Hot Water, a comédia dramática suave e vencedora do escritor e diretor Ramzi Bashour, é um filme de complexidade enganosa. Acompanhando uma mãe e um filho enquanto atravessam o país, trata-se de relacionamentos familiares tensos, mas amorosos, da forma como são afetados por histórias geracionais, de como encontrar a linguagem para falar com aqueles que mais amamos e se o melhor caminho a seguir pode exigir arrumar a vida que você pensava conhecer para começar de novo.
Embora à primeira vista isso possa parecer simplista ou, pior, bobo, “Hot Water” tem camadas surpreendentes e muitas vezes confusas. Trata-se tanto de raiva e desconexão quanto de amor e redenção. Mesmo quando cai em ritmos familiares e tropeça em terreno espinhoso, o filme, assim como seus personagens, consegue seguir em frente, apesar de seus erros.
Talvez o mais crítico seja também o quão irritante é transportar o equipamento de hóquei de um membro da família. Quão irritante é isso? É tão chato que, se você tiver a chance de fazer isso, você pode querer jogá-lo fora do carro para não lidar mais com isso.
Isso é exatamente o que a matriarca Layal (uma magnífica e comovente Lubna Azabal) faz em um momento de frustração no meio da jornada que ela está fazendo com seu filho, Daniel (um Daniel Zolghad deliciosamente inexpressivo do filme “If I Had Legs I’d Kick You” do ano passado). A frustração é dirigida a ele e às circunstâncias em que se encontram, depois que um violento jogo de hóquei o expulsa da escola e os lança em uma viagem pelo país.
O destino deles é o pai de Daniel, Anton (Gabe Fazio), de quem Layal se separou e que nenhum dos dois vê há muito tempo.
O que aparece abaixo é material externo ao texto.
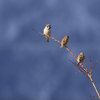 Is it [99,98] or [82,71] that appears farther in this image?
[82,71]

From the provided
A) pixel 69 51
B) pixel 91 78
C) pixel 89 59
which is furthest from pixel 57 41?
pixel 91 78

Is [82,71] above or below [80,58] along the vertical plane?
below

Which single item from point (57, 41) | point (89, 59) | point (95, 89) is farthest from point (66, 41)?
point (95, 89)

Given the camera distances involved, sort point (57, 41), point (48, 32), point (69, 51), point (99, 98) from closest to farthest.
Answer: point (99, 98) < point (69, 51) < point (57, 41) < point (48, 32)

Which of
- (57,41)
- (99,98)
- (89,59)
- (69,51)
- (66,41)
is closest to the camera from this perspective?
(99,98)

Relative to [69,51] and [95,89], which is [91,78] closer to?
[95,89]

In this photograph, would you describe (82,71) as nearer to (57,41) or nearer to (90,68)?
(90,68)

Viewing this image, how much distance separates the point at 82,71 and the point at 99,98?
891 millimetres

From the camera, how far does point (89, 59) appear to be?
14.1ft

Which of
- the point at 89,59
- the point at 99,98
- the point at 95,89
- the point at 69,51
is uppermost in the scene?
the point at 69,51

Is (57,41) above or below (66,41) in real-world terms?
below

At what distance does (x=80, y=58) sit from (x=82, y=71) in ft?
14.2

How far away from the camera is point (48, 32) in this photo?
12.4 metres

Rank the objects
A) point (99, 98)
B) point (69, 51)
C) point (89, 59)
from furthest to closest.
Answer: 1. point (69, 51)
2. point (89, 59)
3. point (99, 98)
O plano é que eles viajem de Indiana para encontrá-lo no Colorado e depois façam com que Daniel viaje o resto do caminho com seu pai para terminar o ensino médio na Califórnia. Mas, é claro, surgem complicações inesperadas que eles devem enfrentar juntos.
Tudo isto, embora não seja particularmente inovador em termos de estrutura narrativa, ganha vida nos pequenos detalhes. Desde o momento em que Azabal aparece pela primeira vez, ela já é uma pessoa rica e complexa que você sente que poderia ser um membro de sua própria família. Uma professora árabe que tenta parar de fumar, ela é compassiva e atenciosa, mas também é capaz de criticar um aluno por tentar obter uma nota melhor do que merece.
Daniel, por outro lado, é um adolescente mais descontraído e que segue o fluxo, que em breve terá que crescer, esteja pronto para isso ou não. Observá-los se aproximarem à medida que se aproximam do momento em que devem se despedir dá ao filme uma sensação crescente de melancolia merecida. Assim como o grande sucesso de Sundance de alguns anos atrás, “A Real Pain”, há momentos de alegria poética e lúdica delicadamente equilibrados com a realidade de que esta jornada deve terminar.
‘Hot Water’ nem sempre é medido em ritmo e muitas vezes parece que está correndo para chegar à próxima parte, em vez de deixar certas cenas persistirem, mas tem um núcleo forte a partir do qual construir. Embora povoado por cenas familiares da estrada aberta que dá lugar aos motéis e lanchonetes solitários da América, o filme não apenas reproduz os sucessos, pois o diretor de fotografia Alfonso Herrera Salcedo (que anteriormente filmou a joia de 2022 “A Love Song”) encontra composições mais calmas e tristes de Layal sozinha na tela da TV para assistir a um vídeo de Daniel sentado sozinho na tela da TV. telefone.
Em uma cena incrível dos dois descansando no capô de seu humilde Subaru Outback, um momento significativo de abertura de Daniel só faz a cena atingir ainda mais. São esses pequenos momentos que saltam da tela, mesmo quando não acontece muita coisa importante. É uma reviravolta de um jovem engraçado e incrivelmente cansado que trabalha na recepção de um motel, assim como é um nocaute silencioso de uma cena com o grande ator Dale Dickey, que você gostaria de poder ficar um pouco mais.
Infelizmente, a estrada acena.
Algumas reviravoltas ameaçam se transformar em clichês mais padronizados, mas “Hot Water” sempre consegue seguir em frente graças ao excelente trabalho de Azabal e Zolghad. Você acredita completamente neles como mãe e filho, que, embora diferentes em muitos aspectos, podem ser mais parecidos do que qualquer um deles imagina.
Embora o filme não esteja acima de uma revelação descarada em sua conclusão, sua graça predominante vem de como os dois excelentes atores revelam as almas de seus personagens. À medida que voltamos à estrada com eles pela última vez para um final agridoce, a química deles garante que você desejará viajar com eles para qualquer lugar. Sim, mesmo com uma sacola volumosa de equipamento de hóquei.